Caption-style text data:
──────────

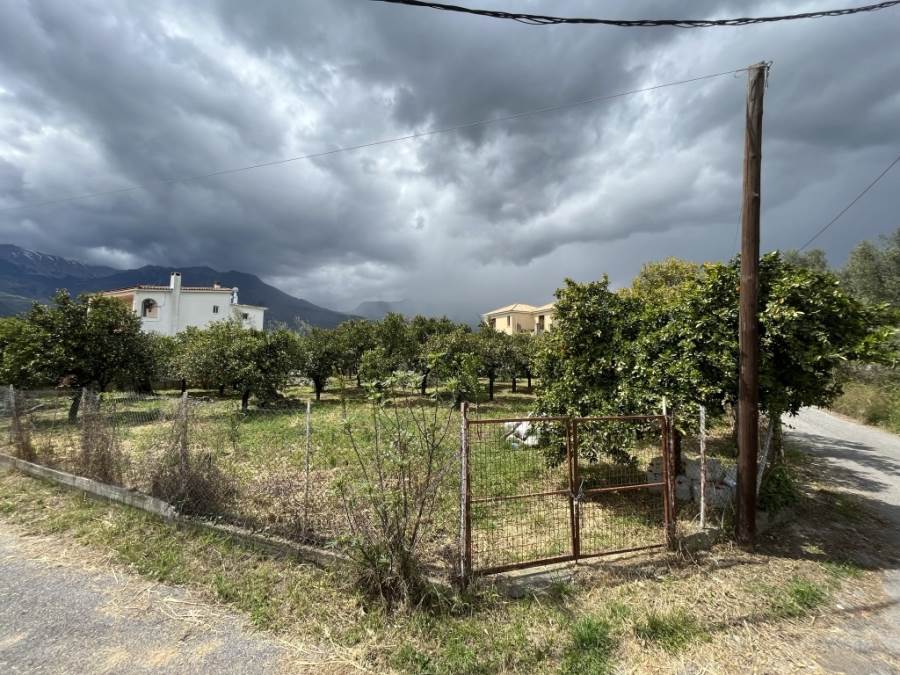 (Προς Πώληση) Αξιοποιήσιμη Γη Οικόπεδο || Ν. Λακωνίας/Σπάρτη - 1.010 τ.μ, 40.000€ 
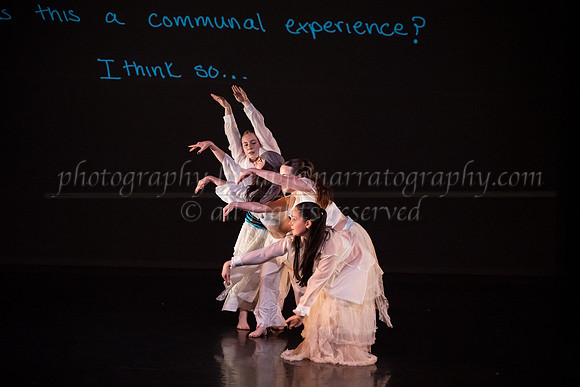 8 dsc_6930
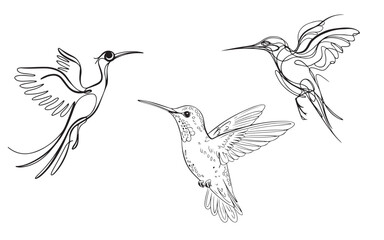 Minimalistic Bird Silhouettes in Flight: Artistic Black and White Design
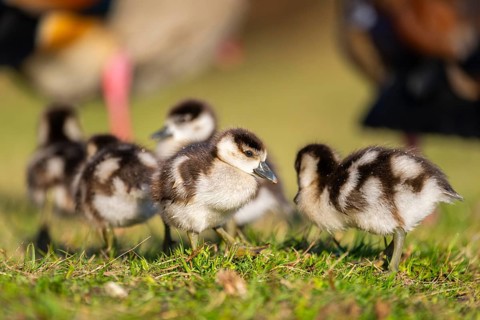 Egyptian goose (Alopochen aegyptiaca) cute chicks on a meadow at the shore of a lake, Bavaria,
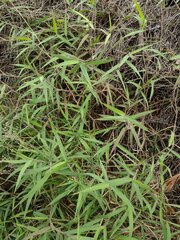 Melinis minutiflora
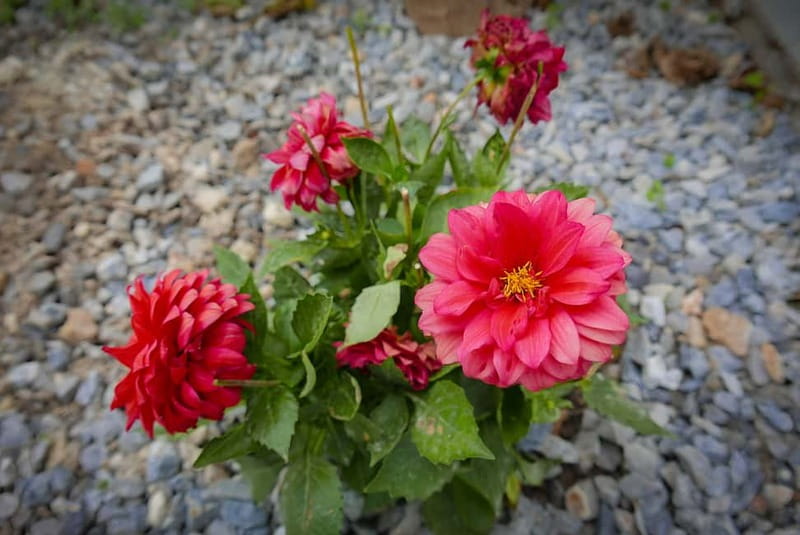Rethymno: Chrysoula's Cretan Home Cooking Lessons - The Role of the Traditional Wood Oven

──────────

DIRECTIONS >>
The copy you give must run from the line containing "Egyptian goose (Alopochen" through the last line of the records, exactly, with the pictures left out.

COMPLETED EXERCISE >>
 Egyptian goose (Alopochen aegyptiaca) cute chicks on a meadow at the shore of a lake, Bavaria,
 Melinis minutiflora
Rethymno: Chrysoula's Cretan Home Cooking Lessons - The Role of the Traditional Wood Oven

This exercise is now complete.